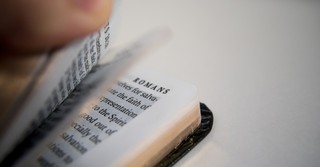 Book of Romans flipped open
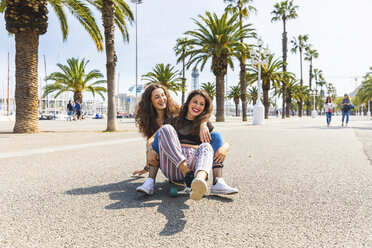 Carefree young woman and teenage girl having fun with a skateboard on a promenade with palms - WPEF00447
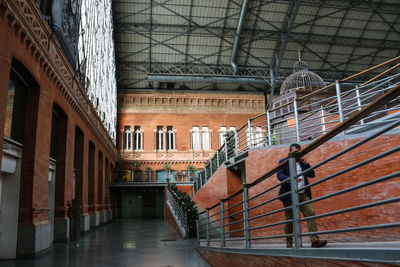 A man walking up the inclined pathway in madrid atocha train station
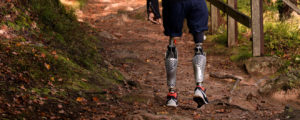 Picture of christoffer walking in the woods with his prosthetics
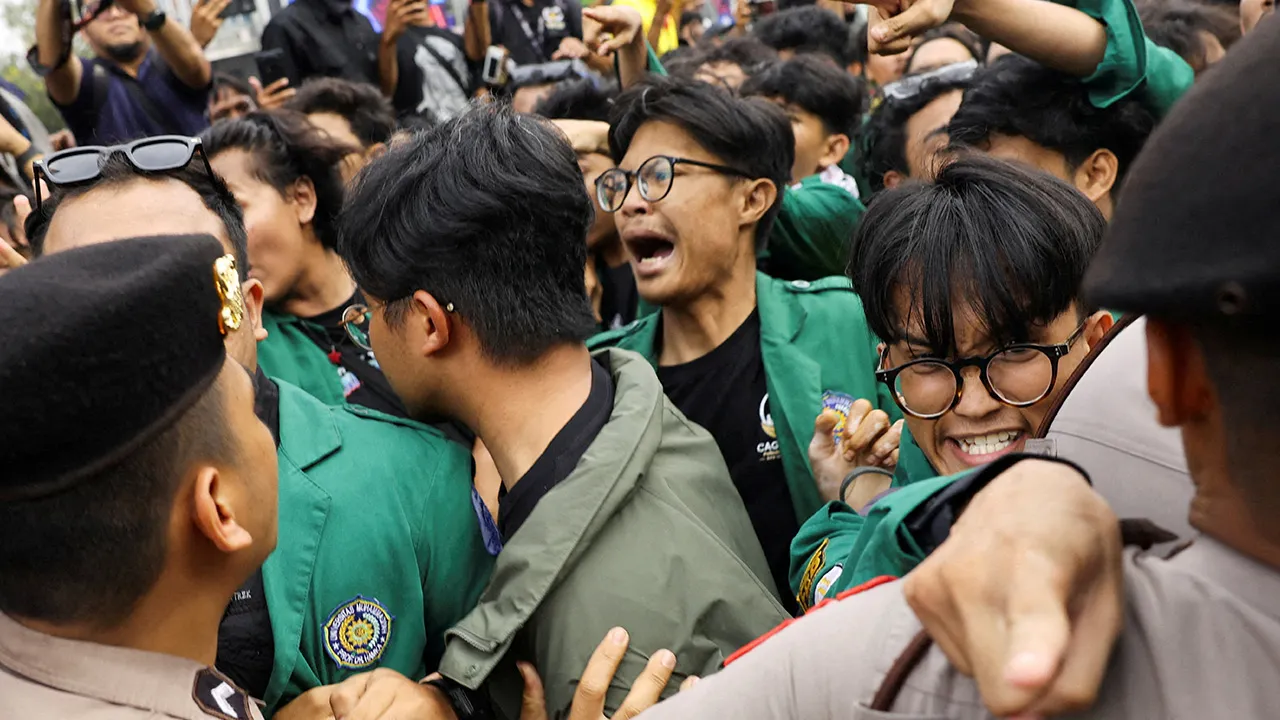 University students push against police officers during a protest against government policies, including state budget spending, free meals programme, and expanded military roles in civilian affairs, in Jakarta, Indonesia, August 18, 2026. REUTERS/Ajeng Dinar Ulfiana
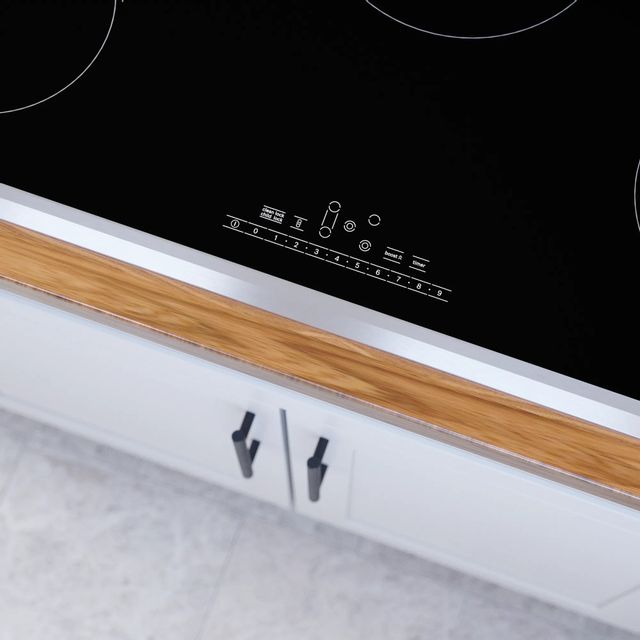 Bosch 800 Series 36" Black/Stainless Steel Electric Cooktop 6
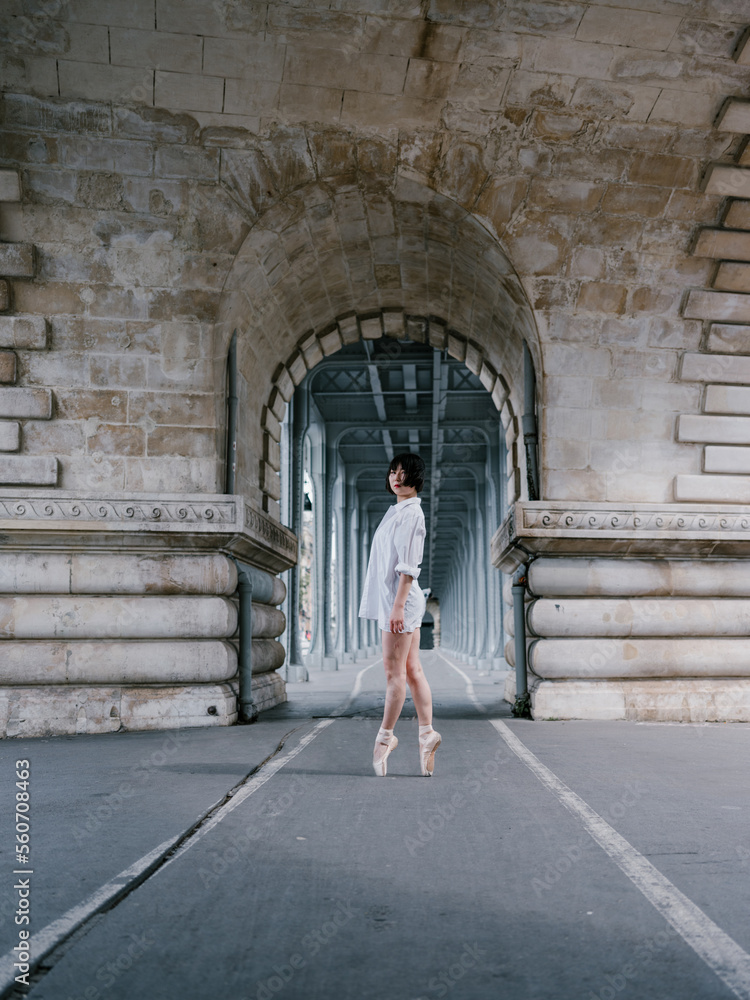 Ballet Dancer Making A Pose Of Ballet Outside Ballet Dancer Making A Pose Of Ballet Outside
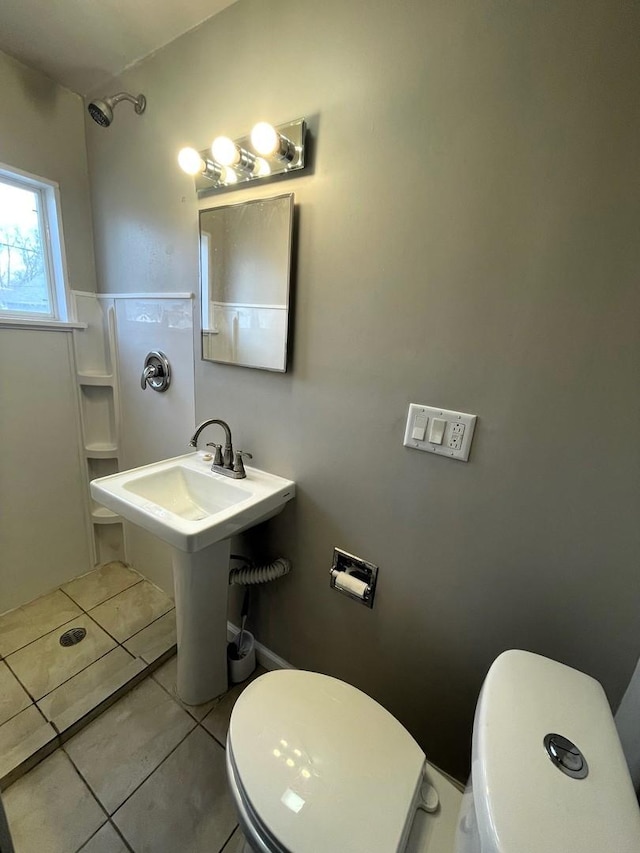 bathroom with walk in shower, sink, tile patterned floors, and toilet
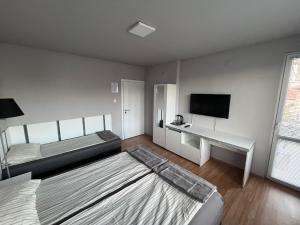 a bedroom with two beds and a desk and a television at Стаи за гости Villy in Kazanlŭk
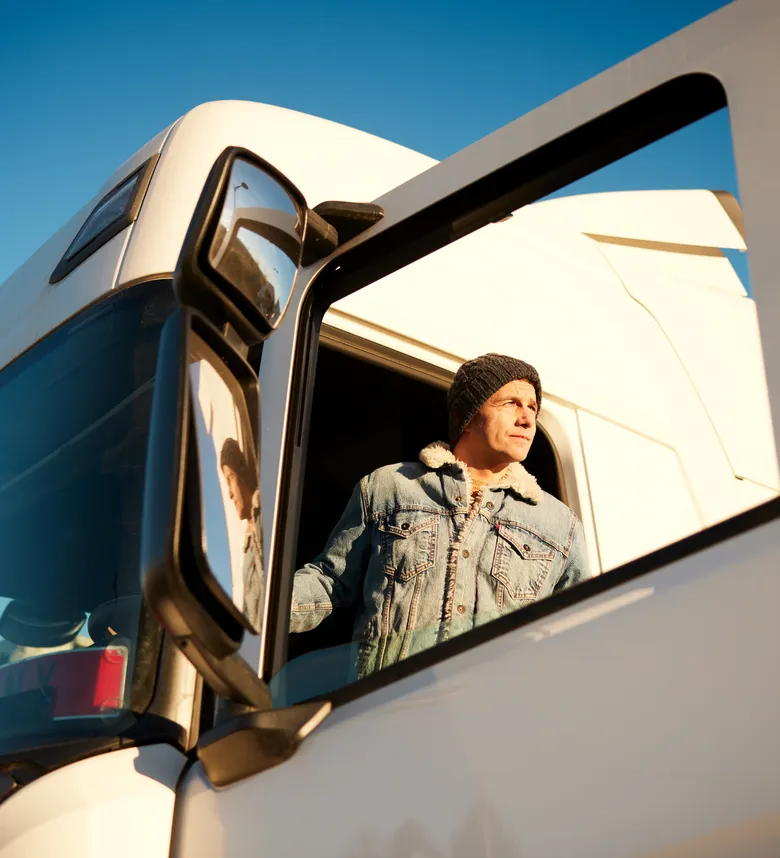 Truck driver exiting vehicle while sun is shining brightly
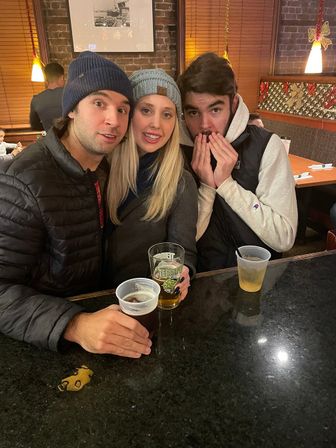 Three friends in winter beanies smiling at a cozy pub bar counter, holding beer glasses against a brick wall with holiday lights.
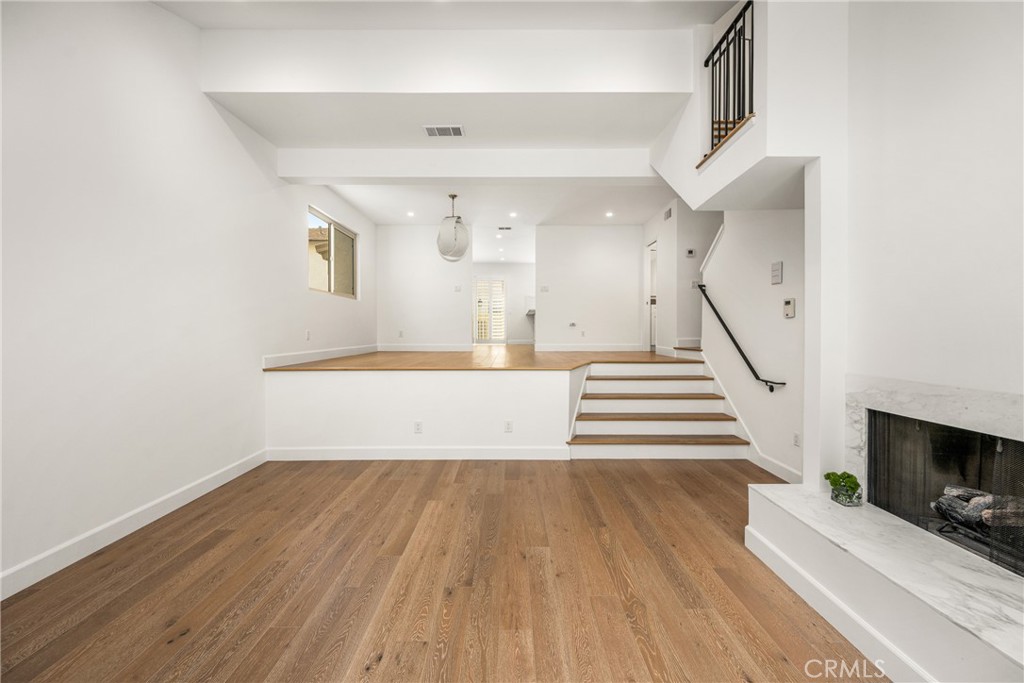 8 Moon Shadow, Unit 8 Irvine, CA 92603 - Photo 7 of 42 a view of entryway and hall with wooden floor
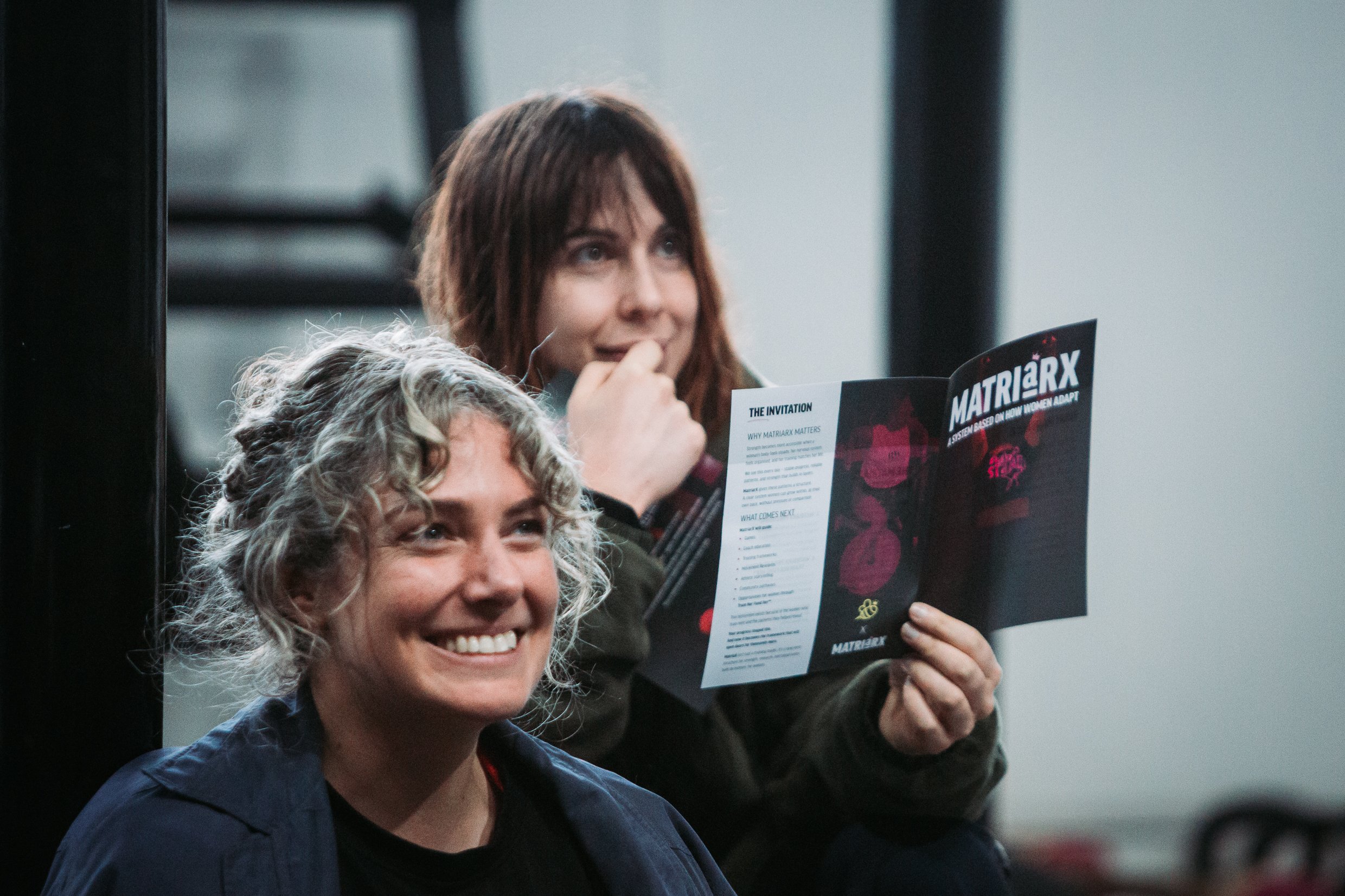Two women smiling; the woman in the foreground has gray, curly hair and is wearing a blue jacket; the woman in the background has brown hair and is holding a flyer that reads 'MATRIARX®'.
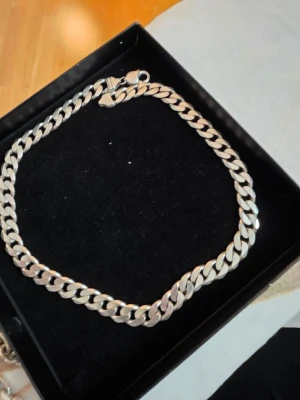 Silver halsband  - Säljer ett stilrent halsband i silverfärg med breda, platta länkar i klassisk kedjedesign. Perfekt accessoar för att lyfta din outfit med en modern touch. Levereras i svart ask.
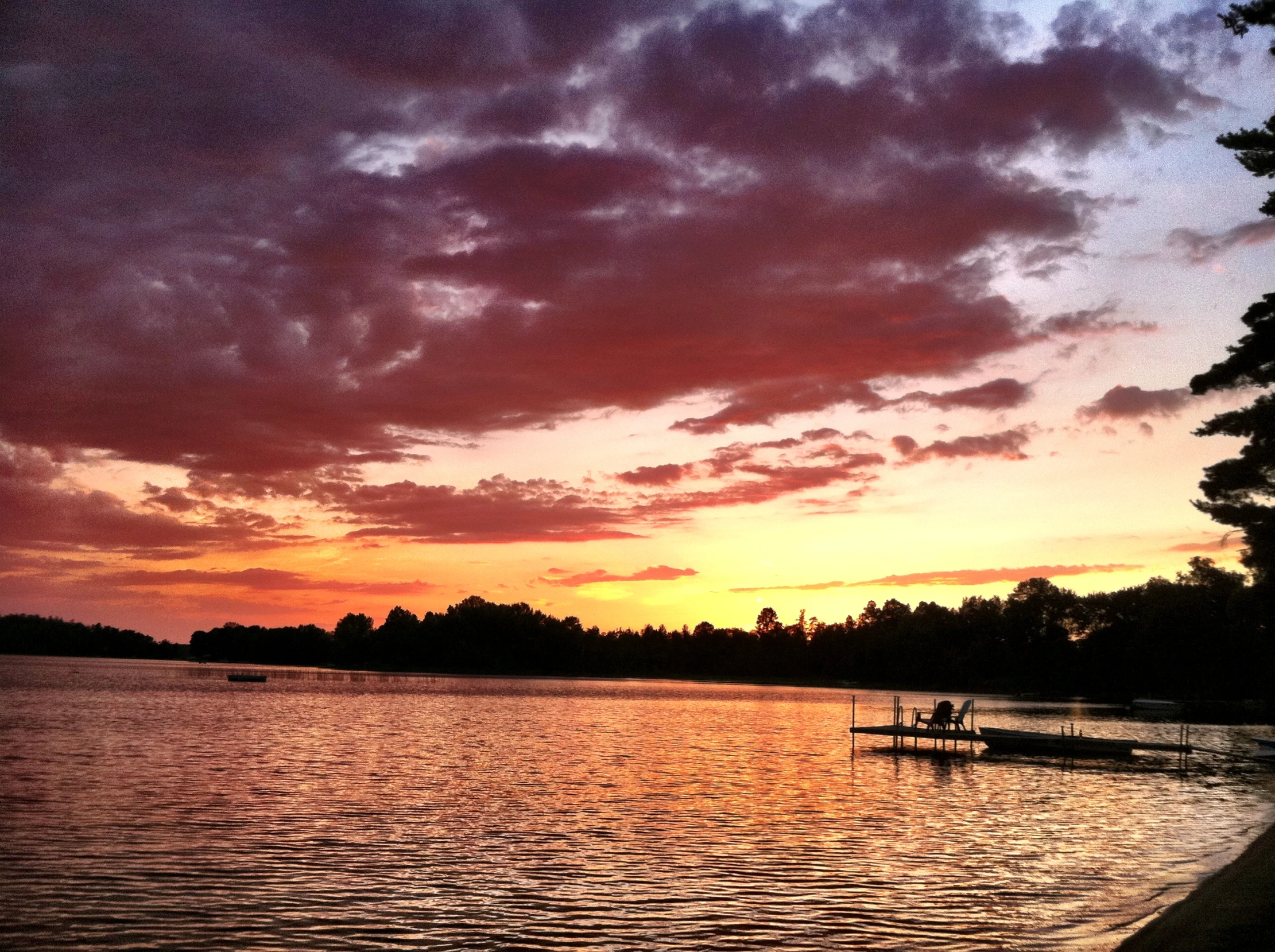 the clouds hang low over the water as sun sets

To do ▸
Return exactly the lines from the one with "Bosch 800 Series" through the last line of the entries above, both ends included. No pictures may appear in the copy.

Your response ▸
 Bosch 800 Series 36" Black/Stainless Steel Electric Cooktop 6
 Ballet Dancer Making A Pose Of Ballet Outside Ballet Dancer Making A Pose Of Ballet Outside
 bathroom with walk in shower, sink, tile patterned floors, and toilet
 a bedroom with two beds and a desk and a television at Стаи за гости Villy in Kazanlŭk
 Truck driver exiting vehicle while sun is shining brightly
 Three friends in winter beanies smiling at a cozy pub bar counter, holding beer glasses against a brick wall with holiday lights.
 8 Moon Shadow, Unit 8 Irvine, CA 92603 - Photo 7 of 42 a view of entryway and hall with wooden floor
Two women smiling; the woman in the foreground has gray, curly hair and is wearing a blue jacket; the woman in the background has brown hair and is holding a flyer that reads 'MATRIARX®'.
 Silver halsband  - Säljer ett stilrent halsband i silverfärg med breda, platta länkar i klassisk kedjedesign. Perfekt accessoar för att lyfta din outfit med en modern touch. Levereras i svart ask.
 the clouds hang low over the water as sun sets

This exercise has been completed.